## PROBLEM DESCRIPTION
Beginning with the line containing "Legrand 407744 Circuit" and ending at the last line of the data, set down every line exactly, leaving out all pictures.

## SUPPLIED DATA

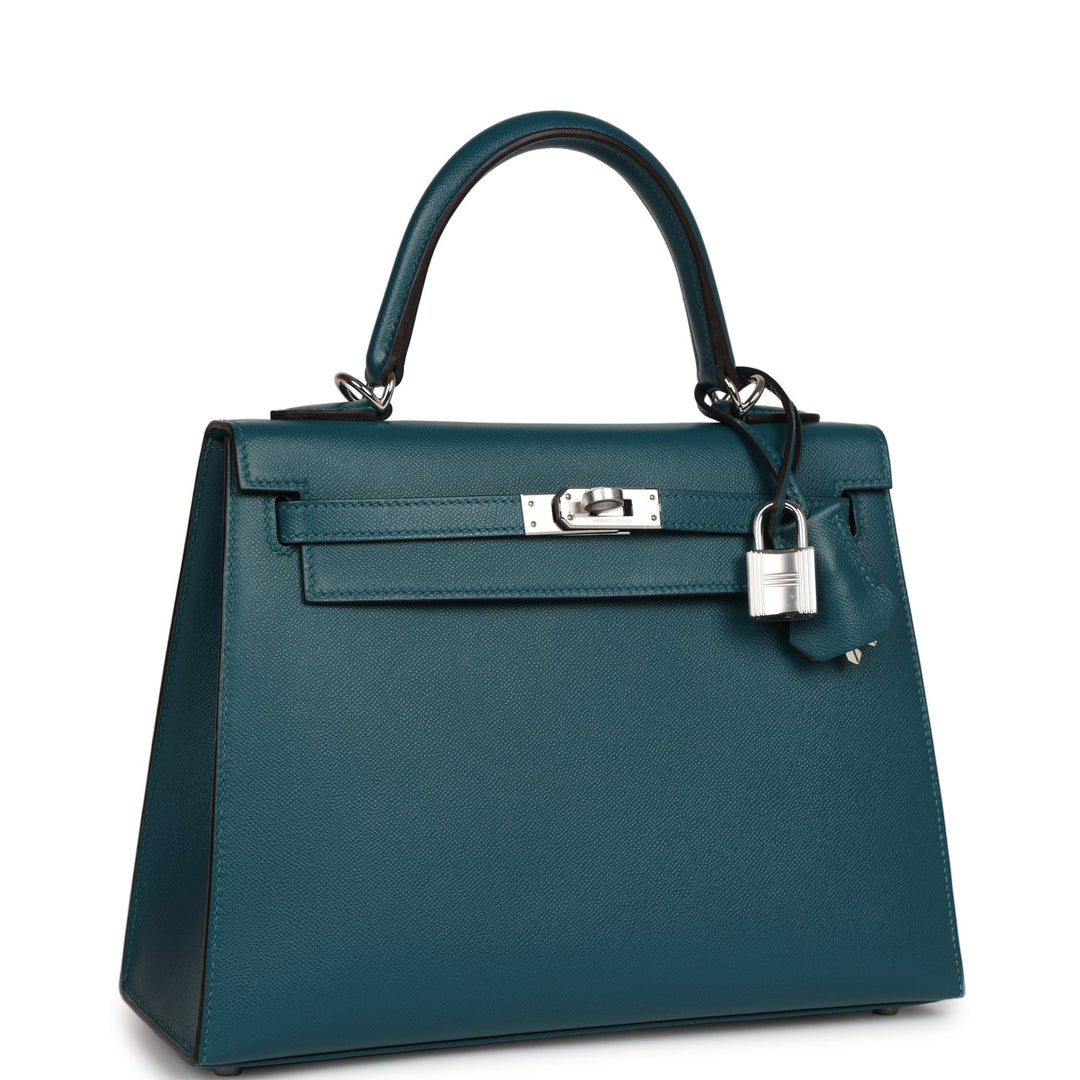 Top quality Hermes Kelly Sellier 25 Vert Bosphore Verso Madame Palladium Hardware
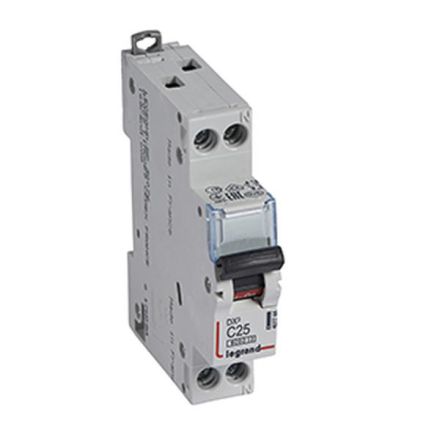 Legrand 407744 Circuit breaker DX3 C25A 1P+N 6KA 1M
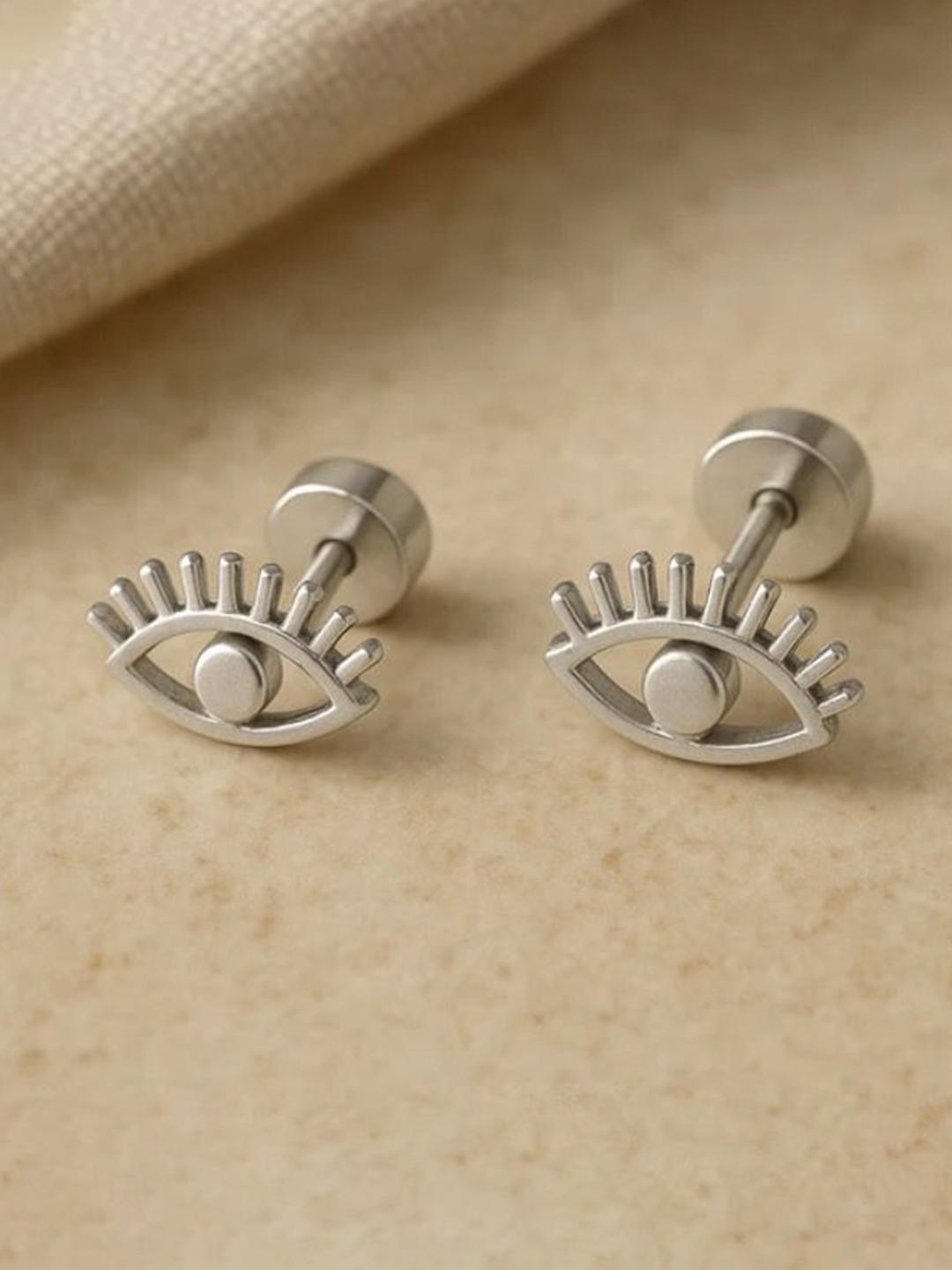 Anushka Jain Jewellery 925 Sterling Silver Classic Evil Eye Studs Earrings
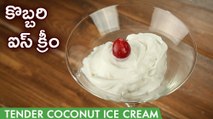 Tender Coconut Ice Cream Recipe In Telugu | కొబ్బరి ఐస్ క్రీం | Homemade Coconut Ice Cream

## ANSWER SECTION
 Legrand 407744 Circuit breaker DX3 C25A 1P+N 6KA 1M
 Anushka Jain Jewellery 925 Sterling Silver Classic Evil Eye Studs Earrings
 Tender Coconut Ice Cream Recipe In Telugu | కొబ్బరి ఐస్ క్రీం | Homemade Coconut Ice Cream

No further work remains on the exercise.